Democrazia proletaria, in fondo, cos’era inizialmente se non un contenitore di militanti provenienti da Avanguardia operaia, Movimento dei lavoratori per il socialismo e Pdup (partito di unità proletaria – per il comunismo). Era un cartello elettorale nel 1975, era realtà organizzata nel 1978. Movimentisti, trotskisti, femministe, studenti, operai, questo era Democrazia Proletaria, questa era la sua peculiarità : per metà movimento, per metà partito.
Alla domanda sulla natura quasi camaleontica, a metà tra movimento e partito, Pucciarelli risponde così: «Provò ad essere davvero una via di mezzo e all’inizio si dotò di uno Statuto molto dinamico, rispetto a quelli classici della sinistra. Poi, anche lì, si dovette scendere a compromessi e dotarsi di regolamenti meno “utopici”. Sicuramente, seppur partito, Dp si contaminò e influenzò a sua volta altri movimenti e associazioni, come quelle ambientaliste, pacifiste e, sul finire della propria storia, come quello studentesco della Pantera». Le associazioni ambientaliste: è anche da lì che inizieranno il loro percorso i Verdi in italia; i Verdi Arcobaleno di Capanna dell’89, le liste verdi in tutt’Italia e infine, finalmente, la Federazione dei Verdi. Sarebbe riduttivo affermare che DP ha influenzato solo il movimento ambientalista ed ecologista italiano. Non ci si può infatti dimenticare che anche l’espereinza di «Rifondazione comunista» deve molto a militanti provenienti da Dp, al punto che nel 1991 Dp confluì all’interno di Rifondazione: l’attuale segretario del Prc, Paolo Ferrero, è un ex-demoproletario.
Lo stesso autore del libro, riguardo Democrazia Proletaria nel Prc, afferma come: «Io, che non ho né convenienze né storia da difendere, posso dire quello spirito dentro il Prc ci è entrato e ha trovato una sua dimensione trasversale. (…) Se penso alla Rifondazione vicina ai movimenti per la pace, a quella no-global di Genova nel 2001, a quella che ha promosso il referendum per allargare l’articolo 18 anche alle aziende più piccole e per ultima la sinistra che si è battuta contro il nucleare e adesso contro la Tav, per un altro modello di sviluppo, se vedo tutte queste cose nella vasta area a sinistra del Pd, è segno che l’esperienza di Dp a qualcosa è servita».

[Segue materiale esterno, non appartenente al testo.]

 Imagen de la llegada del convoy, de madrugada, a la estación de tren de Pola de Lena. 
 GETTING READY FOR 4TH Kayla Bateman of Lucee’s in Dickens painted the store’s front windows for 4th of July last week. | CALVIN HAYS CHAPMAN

Come a dire che il movimentismo non è solo chiacchiere e giri di parole senza arrivare mai al punto focale della questione anche perché: «I movimenti servono a focalizzare l’attenzione su dei temi specifici, mentre i partiti servono a dare delle risposte globali ai problemi della società . Forse ai partiti adesso manca un po’ questo: essere considerati dei portatori di idee forti e credibili, di progetti alternativi per una società diversa. È anche per questo che, se si va a vedere l’età media delle platee congressuali, è sui 40 anni e oltre. Ai tempi di Dp era, a dire tanto, di 25». Ecco come l’amore per un periodo storico ben preciso si possa benissimo tramutare in considerazione sulla politica attuale e sul ruolo che hanno i partiti, sulla loro inadeguatezza o settorialità , rendendoli quasi dei movimenti col simbolo «a formato vettoriale».
L’esperienza, fatto noto per i giovani di quei tempi, di Dp passa da Avanguardia operaia, segnata da una eccentrica presenza «emme-elle» ( marxisti leninisti), all’incontro di alcuni compagni di strada provenienti da Lotta Continua, il manifesto per poi approdare, come già specificato, a Rifondazione, Verdi e quell’arcipelago di partiti comunisti che costellano la sinistra radicale italiana (Partito comunista dei lavoratori, Sinistra Critica, Partito D’Alternativa comunista, e via dicendo). L’esperienza di Democrazia Proletaria ha tuttavia segnato, a suo modo, il corso della politica italiana «radicale» e dei suo «riflessi» nelle varie forme politiche che si rifanno alle tradizioni comunista, ambientalista o pacifista.